Em Pot-pourri Literário, neste blog, ressalto o papel essencial da literatura como fonte de conhecimento e compreensão para uma vida de qualidade. Daí tudo deriva, incluídos os prazeres sensuais. Entretanto, é forçoso reconhecer que existem entraves ao bom exercício da leitura de textos literários (primeiro tópico desta discussão sobre o viver). Impõe-se então investigar uma outra possibilidade de conhecimento e compreensão (segundo tópico).
Os autores latinos clássicos -- Virgílio, Sêneca, Lucrécio, Ovídio e demais -- continuam sacrossantos e seminais. Desde sempre, a literatura ocidental sorve deles. (Lembremo-nos: um clássico nunca termina de dizer o que tem a dizer.) A muito rigor, nada mais tem surgido em termos de temas verdadeiramente novos. Precisamente, as grandes questões filosóficas -- o sentido da vida, a morte, o amor, o ódio, a dor, a amizade -- são poucas e imutáveis. Por que então não se restringir aos clássicos latinos? Porque eles são de difícil leitura. Exigem uma aprimorada erudição: assimilação prévia de outros autores, e farta mitologia. Em segundo lugar, o estilo é irremediavelmente anacrônico a nosso gosto moderno, o que dificulta.
É por isso que a produção literária não se esgotará: há a permanente necessidade de reescrever. Do lado do leitor, porém, restam dois obstáculos. O primeiro ainda concerne à (dificuldade de) leitura. Para bem apreender uma obra literária, é preciso uma boa formação cultural, não necessariamente literária: como entender Os Sertões, de Euclides da Cunha, sem um bom domínio da língua portuguesa? O segundo entrave é o tempo, ou a falta dele: isso é examinado no penúltimo parágrafo.
Considere-se agora uma outra fonte de conhecimento e compreensão: a observação. Valho-me do filósofo alemão Arthur Schopenhauer (1788 - 1860)*. Como René Descartes, Schopenhauer é outro pilar do método científico, desde que ele aposta no conhecimento adquirido de fora pela experiência e pelas conversas. Outra maneira de dizer: saia de casa e observe! Para a saúde do entendimento, a observação pode valer mais do que muita leitura. E ele, Schopenhauer, arremata: deve-se evitar perder a visão do real, porque o estímulo e a disposição para o pensamento próprio se encontram mais na observação do que na leitura.
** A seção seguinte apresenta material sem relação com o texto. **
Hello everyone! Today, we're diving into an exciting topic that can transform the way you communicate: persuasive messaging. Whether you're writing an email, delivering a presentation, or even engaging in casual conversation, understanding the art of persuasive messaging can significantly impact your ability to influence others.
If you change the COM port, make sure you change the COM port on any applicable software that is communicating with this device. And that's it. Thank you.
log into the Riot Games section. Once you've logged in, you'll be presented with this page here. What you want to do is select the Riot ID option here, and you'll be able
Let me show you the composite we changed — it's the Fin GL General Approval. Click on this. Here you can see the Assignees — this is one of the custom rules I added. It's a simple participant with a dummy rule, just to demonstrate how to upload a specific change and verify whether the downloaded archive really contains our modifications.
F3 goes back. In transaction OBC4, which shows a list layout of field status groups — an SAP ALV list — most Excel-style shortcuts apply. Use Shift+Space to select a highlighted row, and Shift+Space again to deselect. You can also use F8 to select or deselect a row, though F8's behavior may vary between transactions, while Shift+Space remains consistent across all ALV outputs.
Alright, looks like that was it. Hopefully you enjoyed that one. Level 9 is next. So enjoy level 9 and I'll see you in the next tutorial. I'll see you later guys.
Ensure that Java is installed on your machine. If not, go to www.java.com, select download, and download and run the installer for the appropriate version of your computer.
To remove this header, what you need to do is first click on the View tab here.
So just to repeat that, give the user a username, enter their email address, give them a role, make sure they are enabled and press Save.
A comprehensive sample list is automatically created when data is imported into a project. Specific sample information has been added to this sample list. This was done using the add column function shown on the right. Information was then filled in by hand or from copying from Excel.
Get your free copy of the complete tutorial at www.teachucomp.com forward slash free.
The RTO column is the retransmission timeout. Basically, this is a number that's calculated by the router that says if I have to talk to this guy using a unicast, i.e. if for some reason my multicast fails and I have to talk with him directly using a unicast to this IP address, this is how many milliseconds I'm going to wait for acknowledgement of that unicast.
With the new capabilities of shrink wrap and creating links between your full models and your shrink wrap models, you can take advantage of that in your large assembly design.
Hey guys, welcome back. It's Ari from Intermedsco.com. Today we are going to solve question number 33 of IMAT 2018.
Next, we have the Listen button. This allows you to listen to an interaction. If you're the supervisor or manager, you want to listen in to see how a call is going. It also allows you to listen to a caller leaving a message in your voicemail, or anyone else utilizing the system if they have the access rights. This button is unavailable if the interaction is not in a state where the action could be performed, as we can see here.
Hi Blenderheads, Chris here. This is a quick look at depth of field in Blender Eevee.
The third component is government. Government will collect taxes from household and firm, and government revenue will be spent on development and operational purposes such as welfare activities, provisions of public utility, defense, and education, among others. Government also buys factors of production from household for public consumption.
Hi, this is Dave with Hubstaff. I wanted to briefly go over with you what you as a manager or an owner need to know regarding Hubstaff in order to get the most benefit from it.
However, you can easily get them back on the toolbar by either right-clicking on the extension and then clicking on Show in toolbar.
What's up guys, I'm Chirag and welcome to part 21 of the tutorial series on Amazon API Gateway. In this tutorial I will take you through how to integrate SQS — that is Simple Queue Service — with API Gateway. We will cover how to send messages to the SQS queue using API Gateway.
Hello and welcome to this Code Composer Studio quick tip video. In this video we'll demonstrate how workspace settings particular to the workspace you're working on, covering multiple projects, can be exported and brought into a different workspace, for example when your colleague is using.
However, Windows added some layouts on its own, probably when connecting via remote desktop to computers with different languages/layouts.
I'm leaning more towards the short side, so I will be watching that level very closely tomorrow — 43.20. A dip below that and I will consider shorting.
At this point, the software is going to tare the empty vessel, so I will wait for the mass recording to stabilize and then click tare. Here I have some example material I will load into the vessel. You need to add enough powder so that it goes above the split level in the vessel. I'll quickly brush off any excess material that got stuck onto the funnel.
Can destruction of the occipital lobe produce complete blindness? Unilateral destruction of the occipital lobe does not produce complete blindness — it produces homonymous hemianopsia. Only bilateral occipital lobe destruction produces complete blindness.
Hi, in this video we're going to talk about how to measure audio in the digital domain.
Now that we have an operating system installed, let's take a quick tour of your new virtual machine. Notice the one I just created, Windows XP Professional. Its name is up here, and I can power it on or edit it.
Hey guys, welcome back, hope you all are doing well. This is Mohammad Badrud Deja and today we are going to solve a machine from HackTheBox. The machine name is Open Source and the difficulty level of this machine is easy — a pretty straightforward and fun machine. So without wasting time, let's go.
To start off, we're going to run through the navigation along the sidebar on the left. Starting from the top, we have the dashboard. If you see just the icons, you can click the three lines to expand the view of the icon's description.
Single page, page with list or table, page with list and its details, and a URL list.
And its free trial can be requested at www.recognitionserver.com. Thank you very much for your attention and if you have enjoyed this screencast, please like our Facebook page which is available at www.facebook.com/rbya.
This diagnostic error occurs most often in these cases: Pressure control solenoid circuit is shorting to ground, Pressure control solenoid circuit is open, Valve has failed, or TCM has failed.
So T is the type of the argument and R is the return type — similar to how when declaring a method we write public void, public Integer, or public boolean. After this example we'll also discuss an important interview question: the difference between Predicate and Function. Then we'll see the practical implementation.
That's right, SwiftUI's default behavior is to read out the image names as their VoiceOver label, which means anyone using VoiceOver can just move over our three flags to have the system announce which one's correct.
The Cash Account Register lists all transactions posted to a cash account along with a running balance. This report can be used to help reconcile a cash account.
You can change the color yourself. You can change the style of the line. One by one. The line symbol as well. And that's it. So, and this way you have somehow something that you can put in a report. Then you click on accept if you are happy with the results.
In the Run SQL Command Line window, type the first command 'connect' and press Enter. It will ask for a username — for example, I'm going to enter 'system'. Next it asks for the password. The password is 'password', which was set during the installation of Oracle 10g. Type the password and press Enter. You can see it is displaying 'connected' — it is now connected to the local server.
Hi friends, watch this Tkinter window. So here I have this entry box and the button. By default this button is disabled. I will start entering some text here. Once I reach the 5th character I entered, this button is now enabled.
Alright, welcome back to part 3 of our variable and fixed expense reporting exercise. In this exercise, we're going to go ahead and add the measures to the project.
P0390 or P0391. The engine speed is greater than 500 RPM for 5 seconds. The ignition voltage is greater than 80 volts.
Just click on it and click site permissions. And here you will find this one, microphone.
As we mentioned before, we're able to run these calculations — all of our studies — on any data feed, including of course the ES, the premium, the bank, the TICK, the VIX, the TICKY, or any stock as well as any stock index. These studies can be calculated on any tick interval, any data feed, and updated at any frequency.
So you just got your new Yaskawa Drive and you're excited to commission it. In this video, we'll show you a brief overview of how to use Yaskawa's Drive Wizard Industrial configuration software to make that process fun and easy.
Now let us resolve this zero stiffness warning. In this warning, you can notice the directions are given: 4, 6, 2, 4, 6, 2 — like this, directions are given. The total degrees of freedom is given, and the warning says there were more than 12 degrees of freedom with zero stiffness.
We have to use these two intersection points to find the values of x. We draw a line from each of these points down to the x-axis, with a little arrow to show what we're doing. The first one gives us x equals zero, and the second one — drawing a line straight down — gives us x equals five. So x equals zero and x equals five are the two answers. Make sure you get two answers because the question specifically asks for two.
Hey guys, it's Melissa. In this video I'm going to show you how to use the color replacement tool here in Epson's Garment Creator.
Tanto no que diz respeito à leitura quanto à observação, a moderna falta de tempo é um estorvo abissal. Muitas centenas de milhões de seres humanos trabalham oito horas por dia, precisam dormir igualmente oito horas, sobram oito horas para a família e para os inúmeros e inadiáveis compromissos: resta pouco, muito pouco, para a leitura e a observação. Pior ainda: o trabalho é frequentemente sem graça. Essa vida massacrante é cruel e lindamente sintetizada por Albert Camus, em O Mito de Sísifo: levantar-se, ônibus, quatro horas de escritório ou de fábrica, almoço, quatro horas de trabalho, ônibus, jantar e dormir, esta rotina se seguindo inexoravelmente (em tradução mais ou menos livre do original, Le Mythe de Sisyphe, http://classiques.uqac.ca/classiques/camus_albert/mythe_de_sisyphe/mythe_de_sisyphe.pdf, pag. 20, visto em 25/11/2014, às 11:34). Reverencio também Charles Chaplin, por seu ao mesmo tempo cômico e chocante filme Tempos Modernos.
A conclusão é velhíssima, porém muito inquietante: viver bem seria para uns poucos. Você concorda?!
*- A arte de escrever, L&PM Pocket, 2010.